West Coast residents are expected to see spiking gasoline prices because of Monday's fire at the Chevron refinery in Richmond CA. The fire started with a seemingly insignificant leak that afternoon, but quickly escalated into a major fire that has knocked the refinery out of business, as well as sickening thousands of local residents. Because the Richmond refinery produces 150,000 barrels of gasoline a day, 16 percent of West Coast gasoline consumption, there will clearly be a supply disruption and a price spike. Electric car owners are immune to this sort of price spike, because electricity has a more stable price than gasoline.
"Spot prices have already increased by as much as 30 cents per gallon in some West Coast markets and that's before the refinery damage has been fully assessed," said Patrick DeHaan of the website GasBuddy.com.
Thinking over recent years recall many incidents that disrupted, or threatened to disrupt, gasoline supplies and each time there were gasoline price spikes.
A report in the Aug 3 Chicago Tribune describes a 24 cents per gallon price spike in the Chicago area, because of a pipeline rupture in Wisconsin. An SF Chronicle article from Feb 2012 discussed a refinery fire in the Pacific Northwest, at BP's Cherry Point Refinery near Blaine, Wash., sent gasoline prices in California skyward. A scan through the news shows oil supply disruptions large and small that cause localized or more wide-spread spikes in gasoline prices.
One of the big doubts hanging over the world economy is the geopolitical struggle in the Middle East, and for example an out-and-out fight with Iran would clearly cut off oil supplies from the Persian Gulf to the rest of the world. While the U.S. doesn't buy much oil directly from the Persian Gulf, a global oil price spike would affect American oil prices.

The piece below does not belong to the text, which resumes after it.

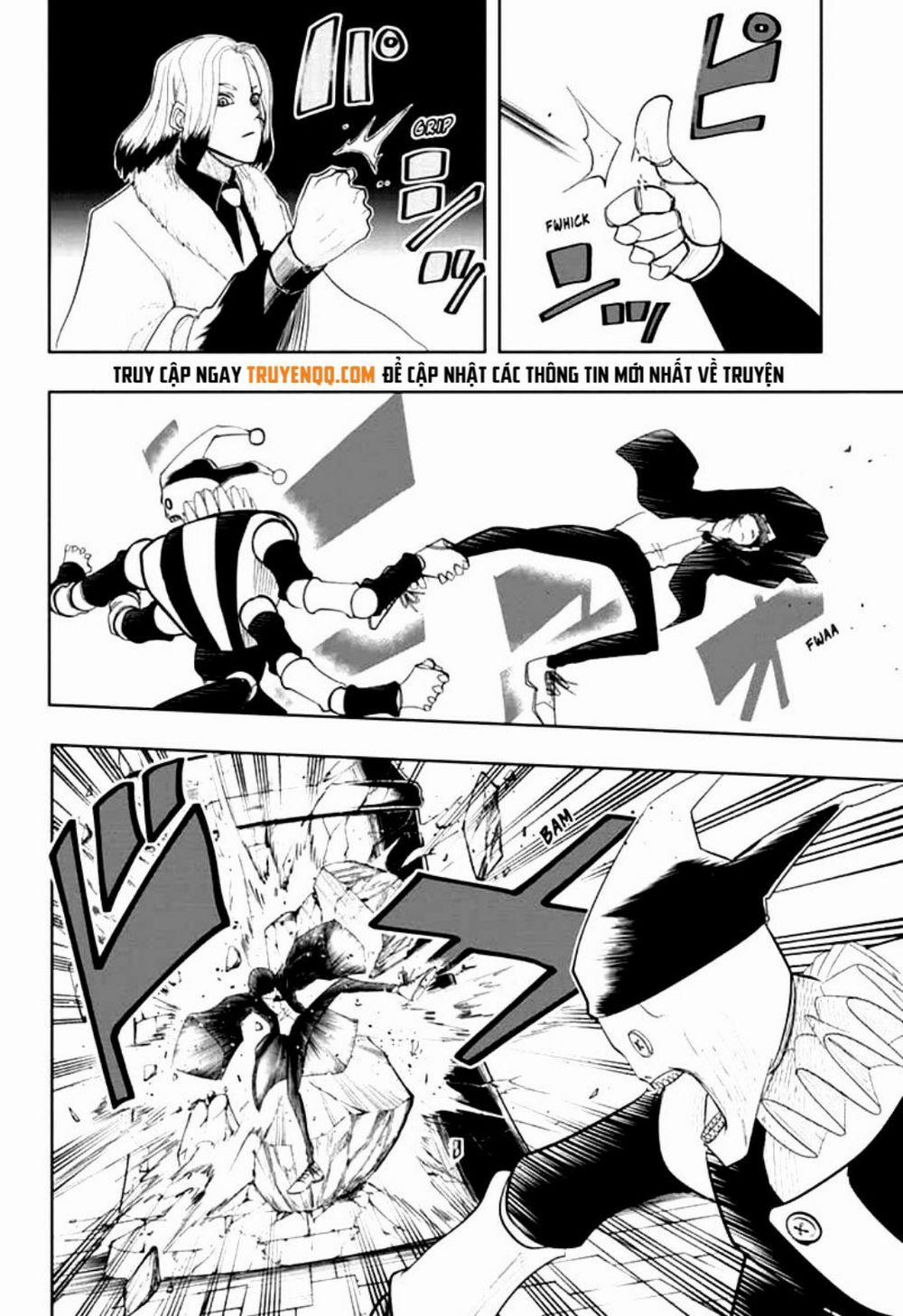 Mashle: Phép Thuật Và Cơ Bắp 17 trang 12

Another big longer term doubt about oil prices is the effect known as Peak Oil. A refinery fire is a short term oil price disruption, but the oil production crunch known as peak oil is an issue that has been in progress for a couple decades. At it's core is the observation that as an oil field is halfway tapped-out, it becomes harder and harder to extract oil, and oil companies have to use all kinds of enhanced oil recovery techniques to continue extracting oil. In short all the easy oil in the world has been tapped out, and what's left is oil that's difficult and expensive to extract. For example resources way offshore in 10,000 feet of water, or requiring hydraulic fracturing, etc, to convert suboptimal oil resources into usable oil. Peak Oil researchers predict ever-rising oil prices and economic effects as the oil companies find it ever-harder to extract and supply oil.
In short there are many avenues where gasoline prices will continue rising over the long term, and spiking in response to short term effects.
At the same time electricity prices are set by utility regulatory commissions. This means electricity prices are much more stable than gasoline prices. Where electric cars are seen by many as an answer to environmental issues, there is also an economic benefit. As gasoline car owning friends grumble about rising gasoline prices, the electric car owner can be blissfully unaware of this.
Most have pigeonholed electric cars as a solution to climate and environmental issues. While electric vehicles will help with those issues, there are a whole range of other issues justifying the adoption of electric cars.